Wednesday, April 12, 2006

Lawsuit Filed To Block Toll Road Lease

Before the ink on the Indiana Toll Road lease had dried, opponents of the deal filed a lawsuit in St. Joseph County Superior Court to block it. The South Bend Tribune writes:

A lawsuit filed Wednesday in St. Joseph County Superior Court in South Bend challenges the constitutionality of the state’s agreement to lease the Indiana Toll Road to a foreign consortium.The plaintiffs in the lawsuit, several individual residents and members of the non-profit group Citizens Action Coalition of Indiana, contend the agreement violates the Indiana Constitution because the proceeds from the lease will go toward road projects, not to pay off the public debt.

“We are not doing this for any political reasons; this is not about politics,” said Steve Bonney, a West Lafayette resident who is spearheading the lawsuit. “This is simply a matter of following the constitution for which our governor and all state officials and state legislators have taken an oath to uphold.”

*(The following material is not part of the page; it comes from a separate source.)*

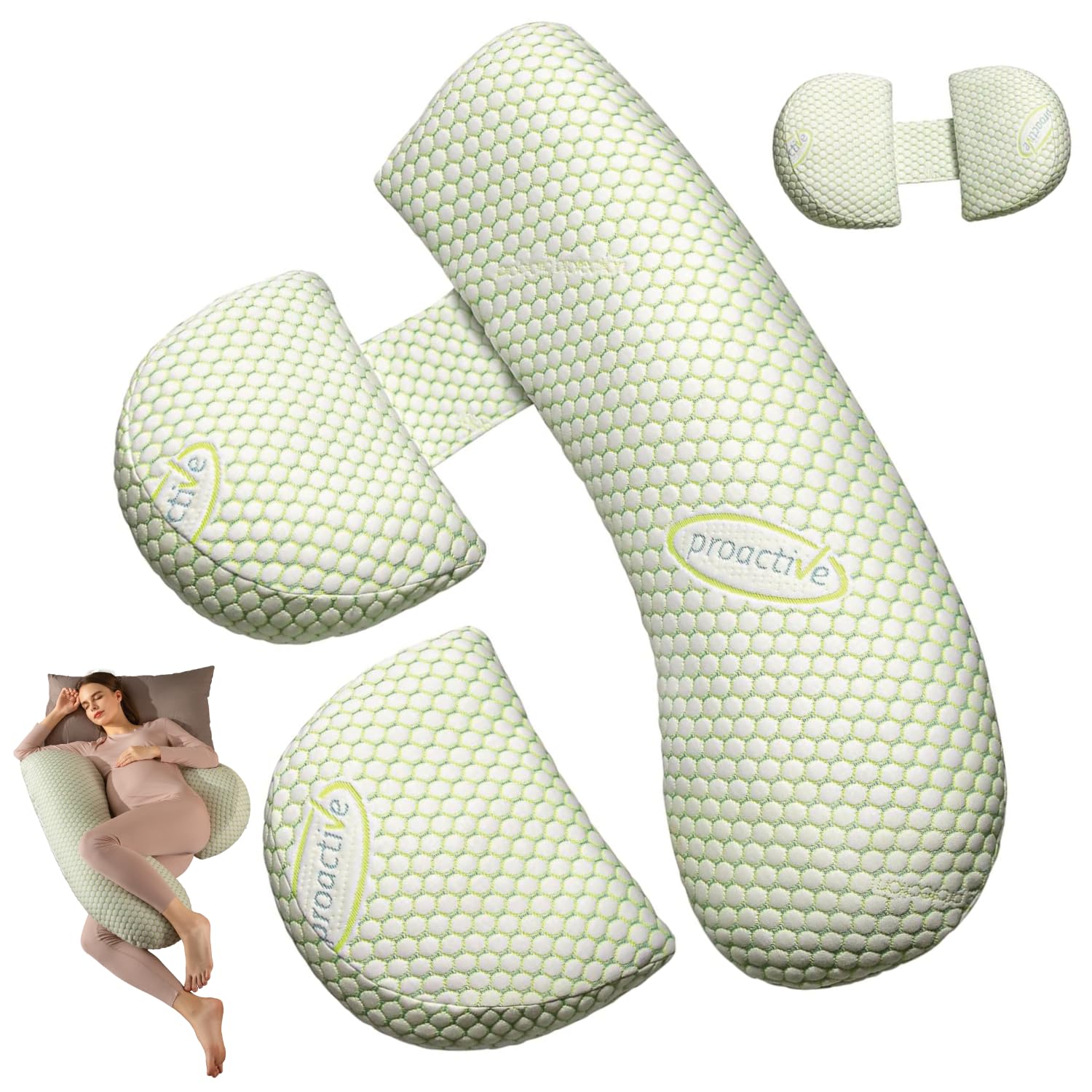 Anfrandce full-body support pillow for comfortable pregnancy sleep.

The 75-year lease calls for the Indiana Finance Authority to hand over all operations and maintenance of the Toll Road to Cintra-Macquarie, a Spanish-Australian investment consortium, in exchange for $3.8 billion.



The provision of the Indiana Constitution relied upon in the lawsuit is Article 10, Section 2, which reads: "All the revenues derived from the sale of any of the public works belonging to the State, and from the net annual income thereof, and any surplus that may, at any time, remain in the Treasury, derived from taxation for general State purposes, after the payment of the ordinary expenses of the government, and of the interest on bonds of the State, other than Bank bonds; shall be annually applied, under the direction of the General Assembly, to the payment of the principal of the Public Debt."

The State argues that the constitutional restriction is inapplicable to the toll road lease because it is not entered into by the State, but rather a quasi-governmental authority with its separate authority to issue and assume debt. The State has relied upon the creation of quasi-governmental entities for decades to avoid the state debt limitations in Article 13 of the state constitution.